*** Data supplied ***

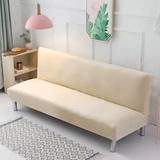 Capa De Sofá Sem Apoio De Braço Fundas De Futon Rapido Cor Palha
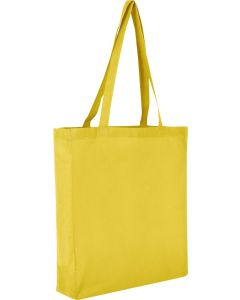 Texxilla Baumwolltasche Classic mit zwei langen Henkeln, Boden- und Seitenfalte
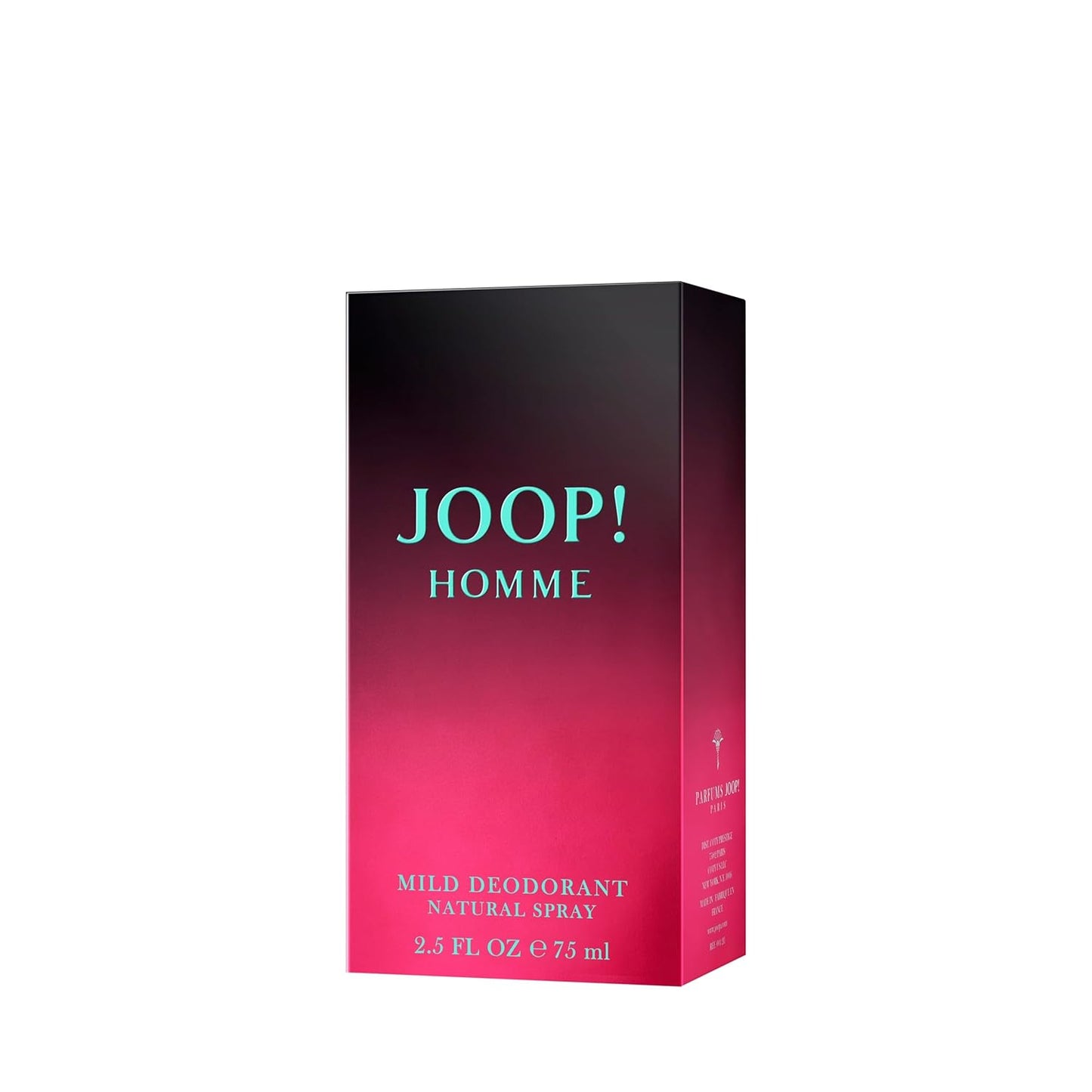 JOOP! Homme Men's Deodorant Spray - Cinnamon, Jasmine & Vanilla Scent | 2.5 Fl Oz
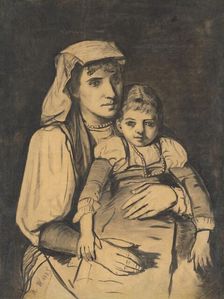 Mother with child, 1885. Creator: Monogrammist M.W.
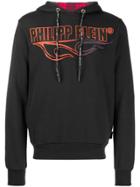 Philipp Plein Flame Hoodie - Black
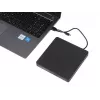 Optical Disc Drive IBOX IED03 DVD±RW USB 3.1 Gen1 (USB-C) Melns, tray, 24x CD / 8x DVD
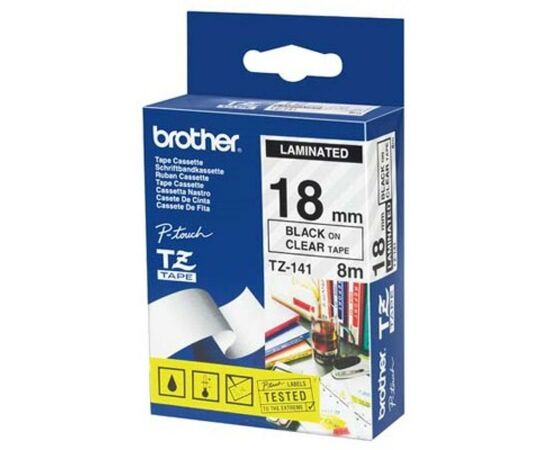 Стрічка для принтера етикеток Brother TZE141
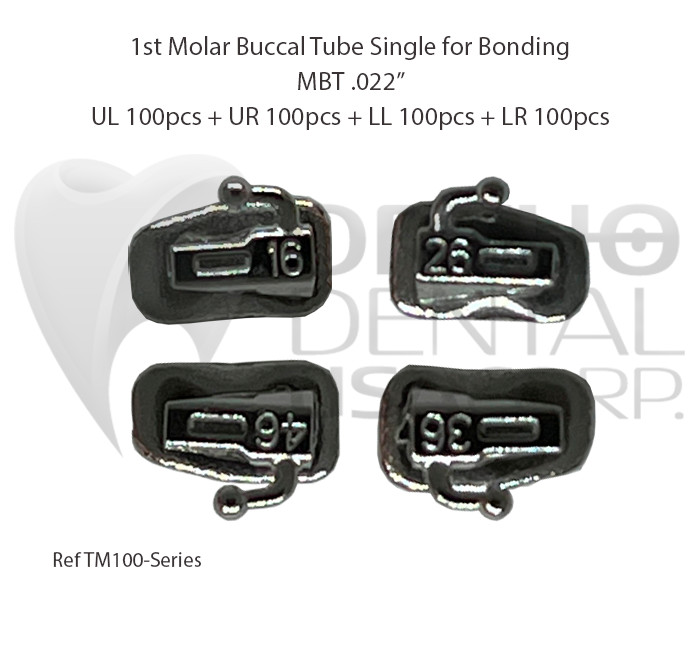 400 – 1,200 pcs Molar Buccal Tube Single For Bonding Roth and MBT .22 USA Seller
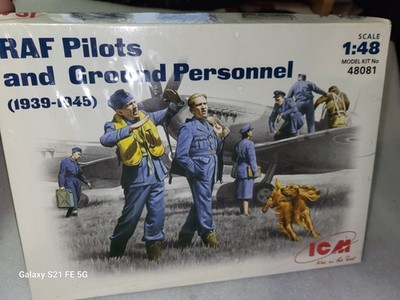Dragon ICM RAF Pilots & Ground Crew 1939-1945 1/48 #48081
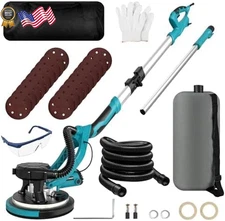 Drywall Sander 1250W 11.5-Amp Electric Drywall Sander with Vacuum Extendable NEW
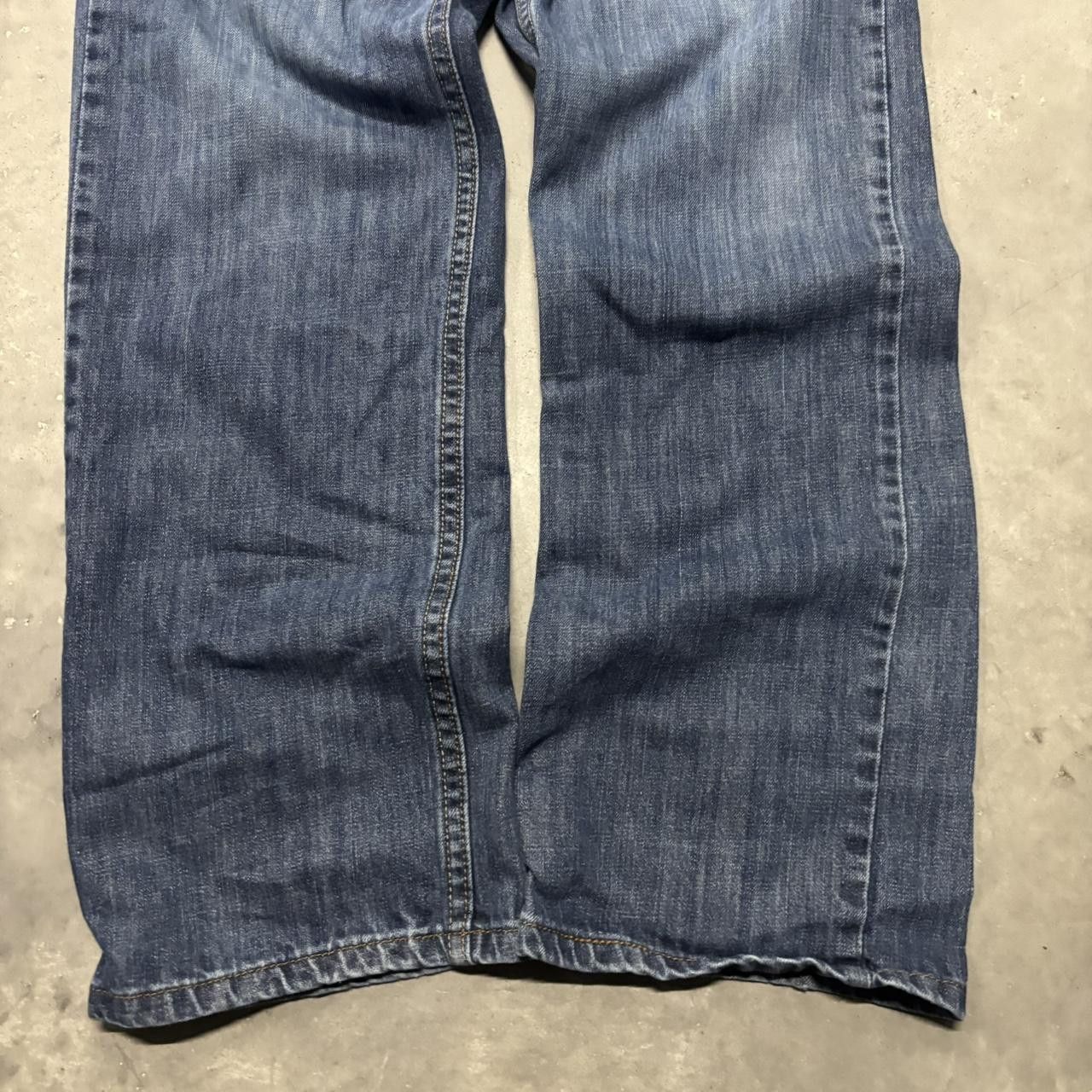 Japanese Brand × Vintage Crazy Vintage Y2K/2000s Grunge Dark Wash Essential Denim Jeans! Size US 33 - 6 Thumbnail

*** End of Data supplied ***

To do: If a record holds a picture, skip the picture and write out everything else exactly.

Result:
 Capa De Sofá Sem Apoio De Braço Fundas De Futon Rapido Cor Palha
 Texxilla Baumwolltasche Classic mit zwei langen Henkeln, Boden- und Seitenfalte
 JOOP! Homme Men's Deodorant Spray - Cinnamon, Jasmine & Vanilla Scent | 2.5 Fl Oz
 Mother with child, 1885. Creator: Monogrammist M.W.
 Philipp Plein Flame Hoodie - Black
 Optical Disc Drive IBOX IED03 DVD±RW USB 3.1 Gen1 (USB-C) Melns, tray, 24x CD / 8x DVD
 Стрічка для принтера етикеток Brother TZE141
 400 – 1,200 pcs Molar Buccal Tube Single For Bonding Roth and MBT .22 USA Seller
Dragon ICM RAF Pilots & Ground Crew 1939-1945 1/48 #48081
 Drywall Sander 1250W 11.5-Amp Electric Drywall Sander with Vacuum Extendable NEW
 Japanese Brand × Vintage Crazy Vintage Y2K/2000s Grunge Dark Wash Essential Denim Jeans! Size US 33 - 6 Thumbnail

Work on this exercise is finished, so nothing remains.